Probability > F (indicated as P > F in other reports) indicates the likelihood that what we observe in variation between varieties is due to random effects and not some other variable (in this case, variety). This value can be between 0 and 1. If this value is large, then it means that the differences we observe are due to random effect and not hybrid performance; therefore there are no yield differences between varieties. However, if the value is small, then there are differences between varieties that are not explained by random variation.

In this example for yield, Probability of > F is 0.0805, or 8.05%. As mentioned previously, for field research, confidence intervals are often set at 90-95%; which equates to a probability level of between 0.1 and 0.05 (defined as an “alpha level” in statistics). In this trial, the alpha level was defined as 0.1, as indicated by the subscript 0.1 after LSD. If the Probability > F is less than 0.1, we can conclude with at least 90% confidence that there is a difference in yield due to variety. If the value of P > F is greater than 0.1, then we conclude there were no yield differences between varieties. In this example, there are significant differences in yield, moisture, and test weight due to variety. We cannot conclude there is a difference in lodging or plant population as a result of variety. This means that statistically there is no difference in DKC59-82RIB with a lodging score of 1.4%, and P1197 AM, with a lodging score of 0%.

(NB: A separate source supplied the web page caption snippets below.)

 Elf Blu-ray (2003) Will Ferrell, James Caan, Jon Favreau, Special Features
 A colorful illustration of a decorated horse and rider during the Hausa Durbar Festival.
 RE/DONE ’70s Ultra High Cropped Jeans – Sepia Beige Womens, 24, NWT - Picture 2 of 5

The next row in the table, LSD0.1, tells us the “least significant difference,” or the threshold that must be overcome to conclude that the performance of two varieties are significantly different. If the ANOVA test returns a P value that is greater than the defined alpha level (0.1 for our example), then there will be no significant differences between treatments, and LSD is denoted NS (not significant). If the test returns a P value less than the alpha level, then the LSD value will tell us what is considered a significant difference between treatments. For yield in the example above, there needs to be a difference of 12.4 bushels before we can say with 90% confidence that the difference in yield between any two hybrids is due to the variety and not random chance. The top yielding variety in this trial was DKC59-82RIB (highlighted). This variety yielded significantly more than all other varieties, except for SCS 1105AM. You will notice that the difference in yield between these two hybrids (8.4 bushels) does not exceed the cutoff defined by the LSD; therefore, they are not significantly different than each other. If there is a difference of at least 12.4 bushels between any two varieties in the trial, then we can conclude that there is a difference in yield that was caused by variety. In the example, the lowest yielding variety (LCX10-98 VIP3110) did not yield significantly less than any other variety except for the top two (DKC59-82RIB and SCS 1105AM).

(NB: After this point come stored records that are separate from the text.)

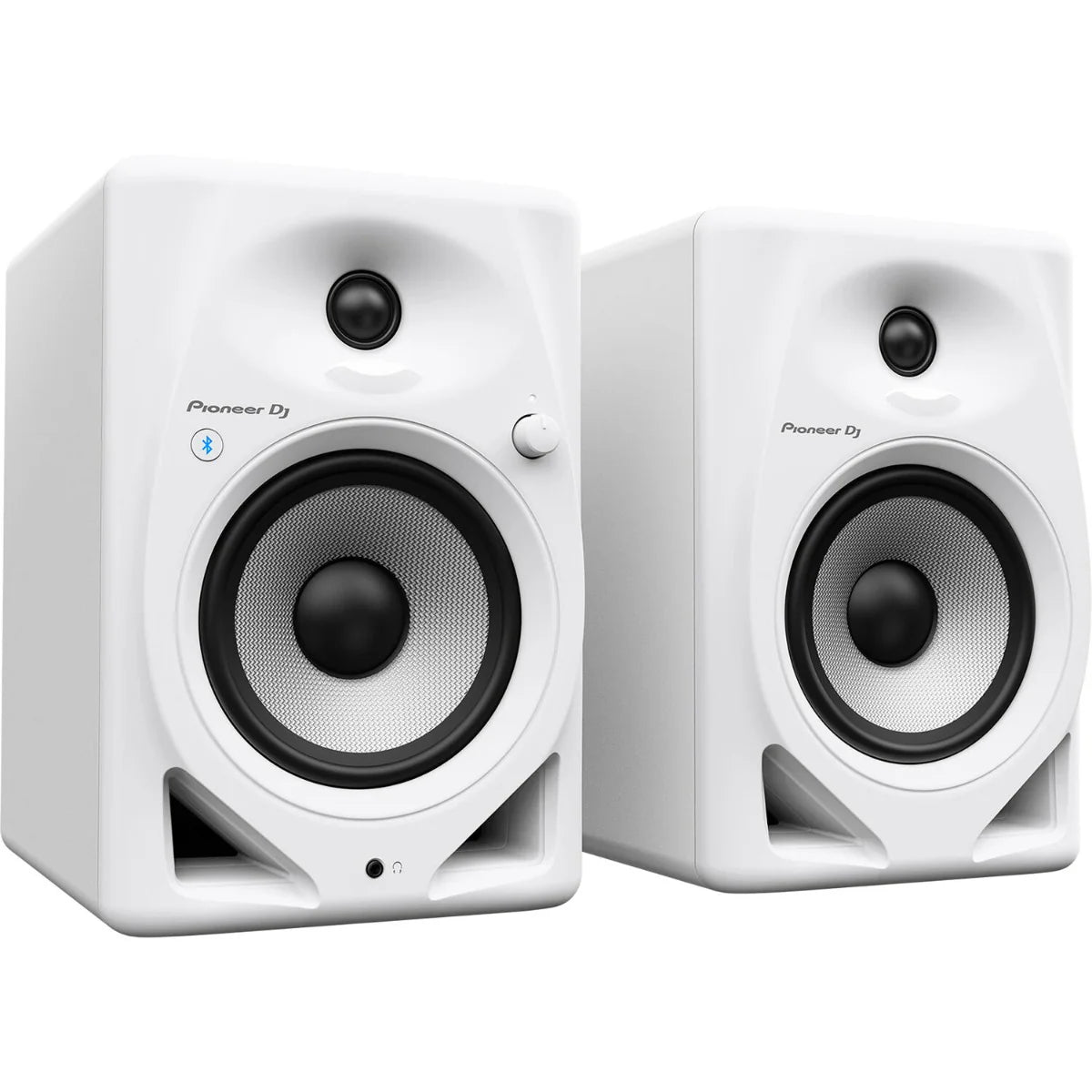 Pioneer DJ DM-50D-BT desktop speakers with black finish, compact design, and control knobs on the front for high-quality audio.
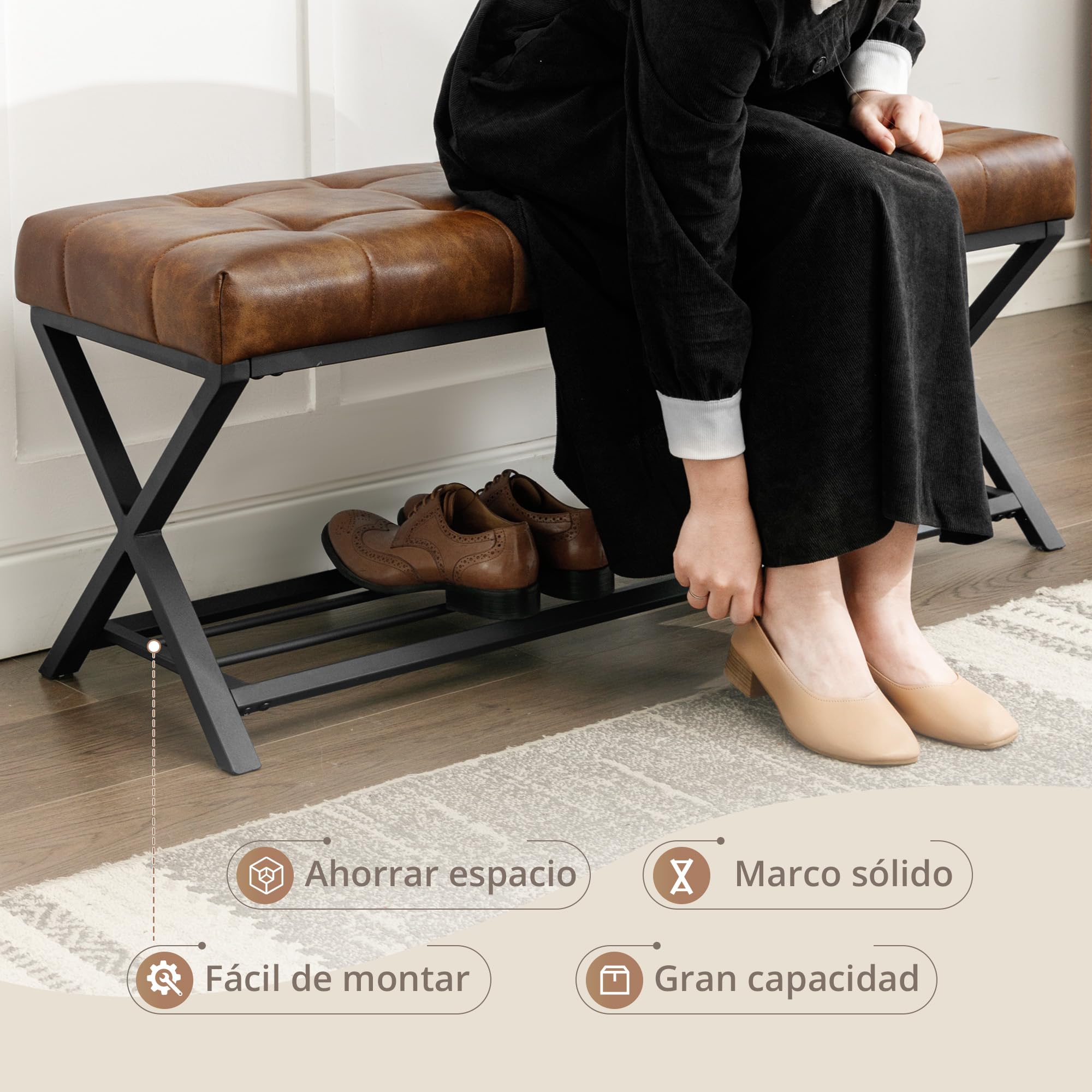 LUE BONA Banco Zapatero,Mueble Zapatero Banco De Zapatos con Asiento,Almacenamiento Zapatos for Banco Zapatero para Ahorrar Espacio para Sala de Estar, Dormitorio, Entrada,113 x 38 x 46 cm,Marrón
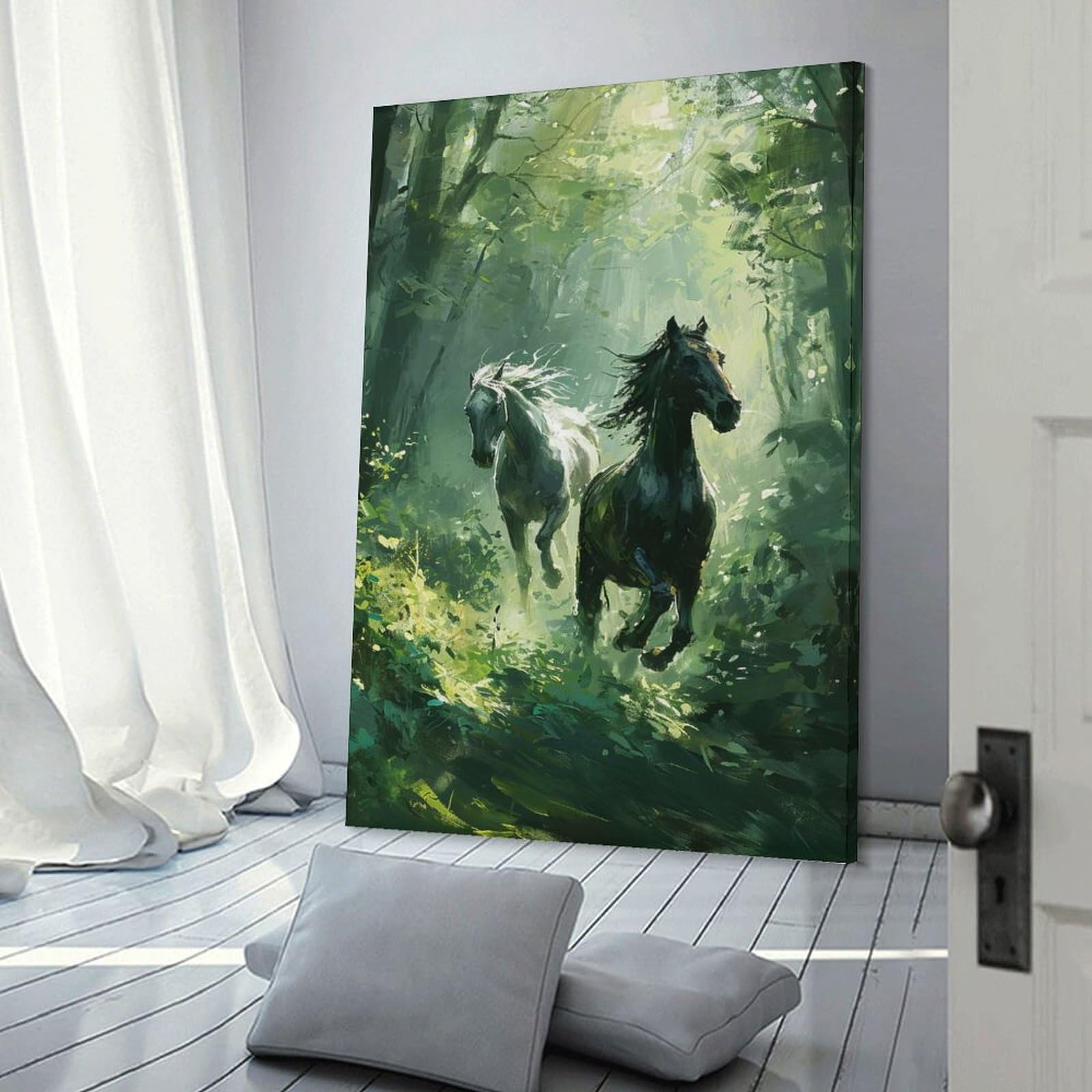Junmoney Forest Galloping Duo Wall Picture Print 16x24inch(40x60cm), for Home Walls, Creative Rooms Or Shared Spaces, Stylish Home Artwork for Focal Walls
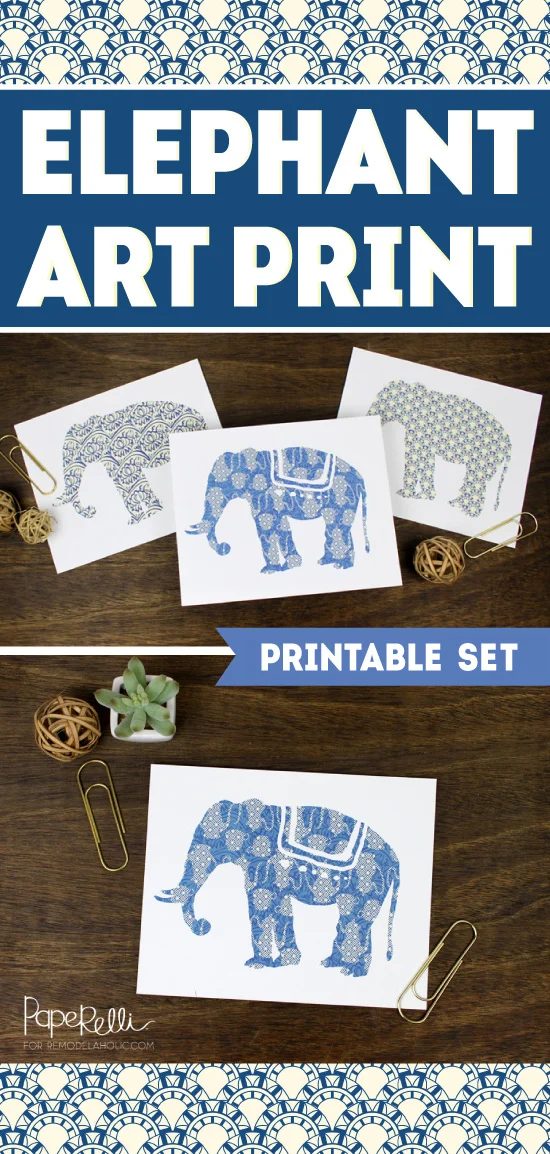 Indigo Blue Elephant Printable Wall Art Set, Paperelli For Bekob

The final statistic is the coefficient of variation (CV%). This is a measure of the variation in the data; the smaller the number, the less variability. Values for CV under 10% for yield tell us there was not too much variability in yield and that we are able to distinguish variety differences. The more variation in the dataset will require a larger LSD to separate differences between treatments.

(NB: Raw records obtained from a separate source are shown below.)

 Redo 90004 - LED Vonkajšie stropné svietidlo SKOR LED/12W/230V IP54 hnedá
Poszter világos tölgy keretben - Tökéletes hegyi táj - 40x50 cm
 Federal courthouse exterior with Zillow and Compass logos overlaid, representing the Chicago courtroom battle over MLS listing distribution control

Variety trials presented with statistical analyses provides a way for us to compare varieties as best we can in a real-world setting through replicated plots. When using variety trial data, it is best to choose varieties with yield stability and desirable characteristics across multiple locations and across multiple years, whenever possible. You will also find very similar statistical methods in not only variety trial reports, but for any type of replicated field research. These statistical analyses provide you with assurance that the conclusions drawn are due to treatments research and you could expect similar results if the comparison was repeated under similar conditions. If you encounter data or reports that do not have any type of statistical analysis presented, it is important to realize that you should not draw any conclusions from that dataset.